Lung Cancer Detection and Classification using 2D Convolutional Neural Network
Vidyadevi G. Biradar, Piyush Kumar Pareek, Kasireddy Vani, P Nagarathna
Abstract
The deaths caused by cancer is increasing day by day and one of the major reasons is lung cancer. Detecting lung cancer at initial stages greatly lessens the number of patients dying and dramatically increases the likelihood that the patient will be saved. Lung cancer does not show any symptoms at early stages which makes it difficult to get treated at early stage which eventually reduces the survival rate. The traditional method of lung cancer detection such as Histopathological assessment of tissue is time consuming. An automated tool which can detect the lung cancer nodule using the CT images reduces a lot of work, saves time and also reduces the errors. The speedy detection of the lung cancer nodule can be advantageous and reduce the risk of patient's survival as well as helps the pathologists. Therefore, the role of automated tool would become significant.
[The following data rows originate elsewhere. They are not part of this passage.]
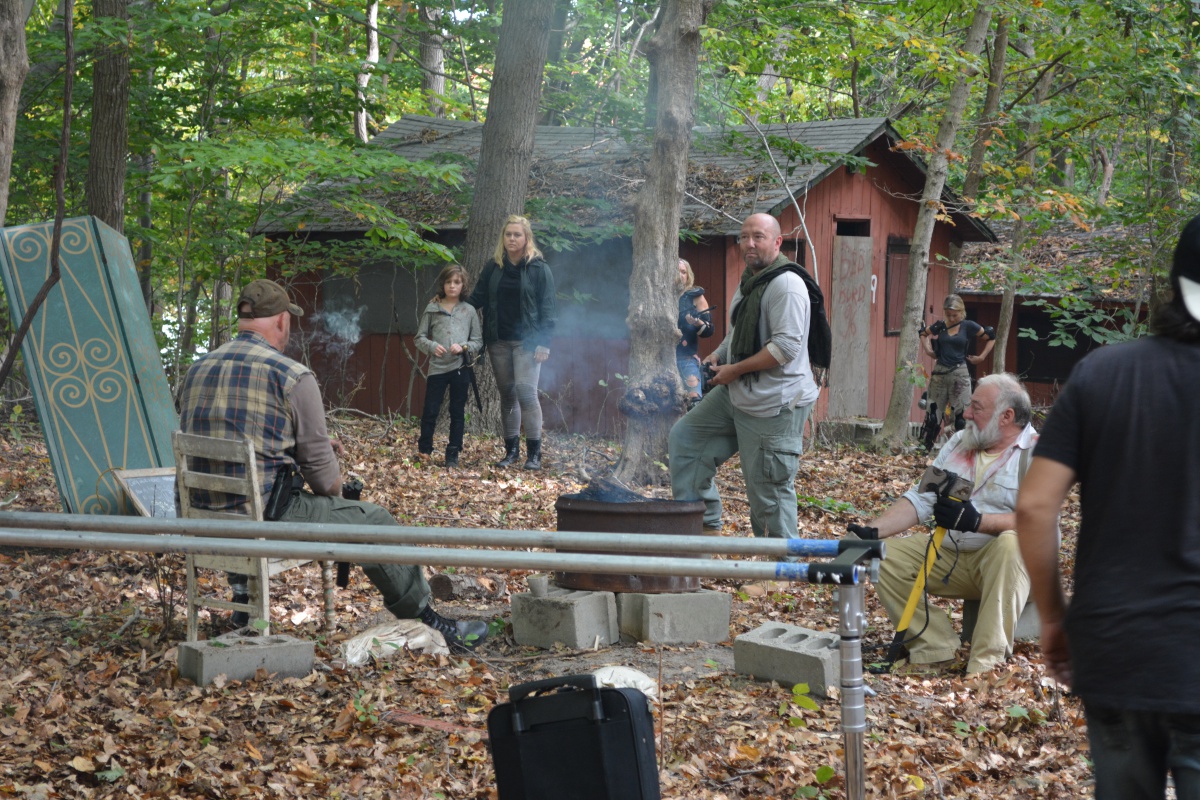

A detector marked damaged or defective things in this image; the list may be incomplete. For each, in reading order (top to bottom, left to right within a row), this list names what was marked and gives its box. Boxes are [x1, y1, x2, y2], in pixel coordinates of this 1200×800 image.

rusty metal barrel [554, 494, 705, 594] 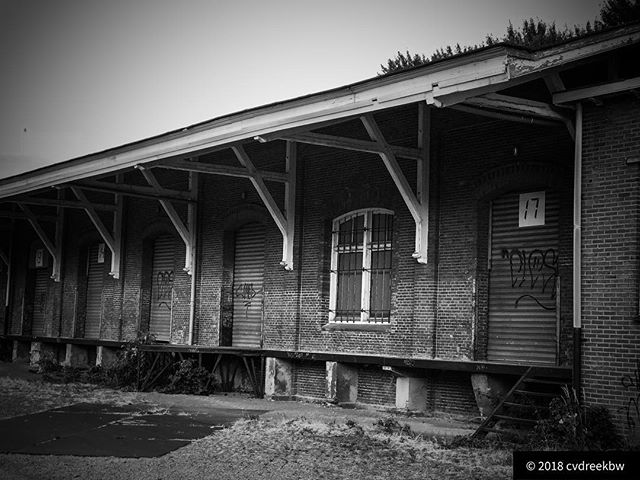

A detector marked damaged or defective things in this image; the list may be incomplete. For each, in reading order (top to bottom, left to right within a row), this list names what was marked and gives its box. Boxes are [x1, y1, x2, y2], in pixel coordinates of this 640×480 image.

asphalt patch [0, 402, 264, 458] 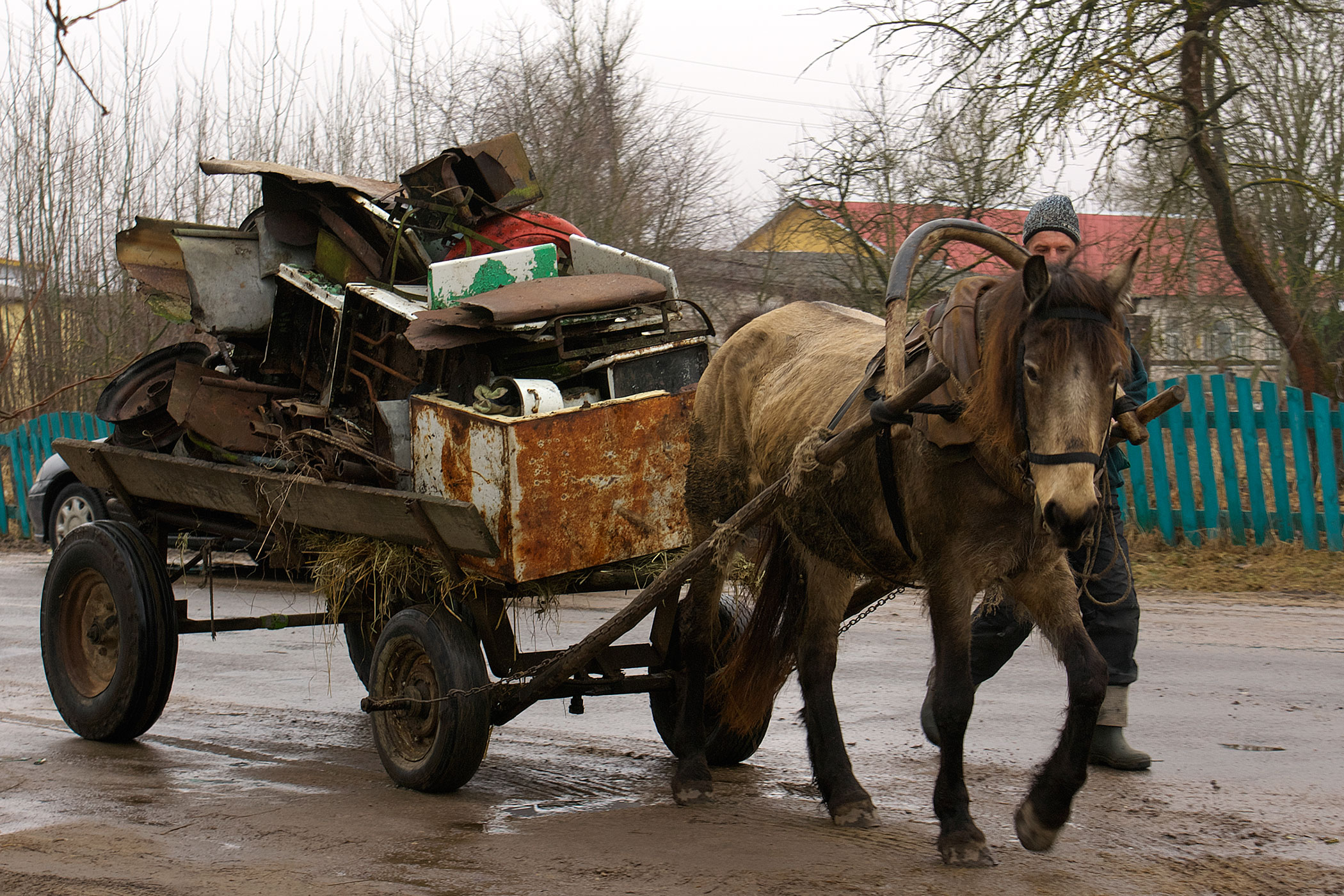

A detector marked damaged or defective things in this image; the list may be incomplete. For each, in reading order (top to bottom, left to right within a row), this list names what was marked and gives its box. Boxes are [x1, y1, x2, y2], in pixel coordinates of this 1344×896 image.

rusty metal sheet [196, 158, 400, 200]
rusty metal sheet [460, 278, 669, 328]
rusty metal sheet [54, 438, 500, 556]
rusty metal sheet [408, 389, 693, 586]
rusty surface [411, 389, 693, 582]
rusty metal box [411, 389, 693, 586] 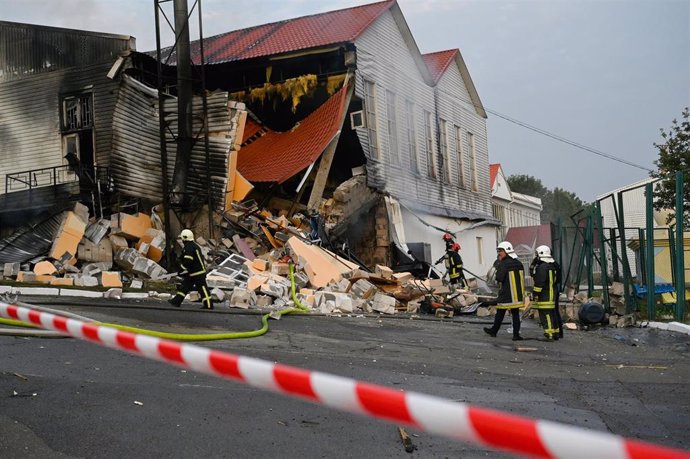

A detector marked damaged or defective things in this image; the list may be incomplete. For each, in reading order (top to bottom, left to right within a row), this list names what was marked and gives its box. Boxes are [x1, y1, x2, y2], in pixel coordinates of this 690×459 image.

damaged facade [0, 0, 498, 284]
This paper aims to classify malignant and non-malignant cells development in the lungs using the 2D Convolutional Neural Network (CNN) algorithm to classify the tumors found in lung as malignant or benign. This method was evaluated on Kaggle CT scans, experimental results show that our method achieves 88.76% accuracy in identifying lung nodules from CT images, which is more efficient as compared to accuracy obtained by the traditional neural network systems.